Abstract

Three genetic loci have been found to be involved with both body mass index (BMI) and anorexia nervosa, however, it is unknown if genetic risk for BMI is associated with unhealthy weight control behaviors. The objective of this study was to determine the association between genetic risk for obesity and weight loss behaviors in young adults. We analyzed data from the National Longitudinal Study of Adolescent to Adult Health (Add Health) when participants were 18-26 years old. Genetic risk scores included 97 single nucleotide polymorphisms identified in published genome-wide association studies for BMI. Phenotypes included self-reported: 1) weight loss goals; 2) dieting; and 3) “unhealthy weight control behaviors” such as vomiting, fasting/skipping meals, or laxative/diuretic use to lose weight.
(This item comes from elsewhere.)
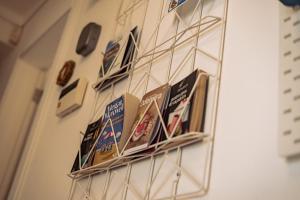 a group of signs hanging on a wall at Breathe In in Zambujeira do Mar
Among 5728 subjects, genetic risk for obesity was associated with greater odds of weight loss attempts in females (OR 1.21, 95% confidence interval [CI] 1.12-1.30) and males (OR 1.33, 95% CI 1.19-1.47). Genetic risk for obesity was also associated with greater odds of dieting (females: OR 1.15, 95% CI 1.06-1.26; males: OR 1.30, 95% CI 1.14-1.48) and unhealthy weight control behaviors (females: OR 1.12, 95% CI 1.00-1.24; males: 1.37, 95% CI 1.16-1.63). The adjusted odds ratios for the association between genetic risk for obesity and weight loss attempts decreased (from 1.21 to 1.01 in females, 1.33 to 1.04 in males) after accounting for BMI, suggesting that the relationship may be mediated by BMI. Genetic risk for higher BMI was associated with weight loss attempts, dieting, and unhealthy weight control behaviors in both males and females; however, this association may be mediated by BMI. Further research on the genetic risk architecture on BMI and weight control behaviors may explain treatment nonresponse and inform joint treatment strategies.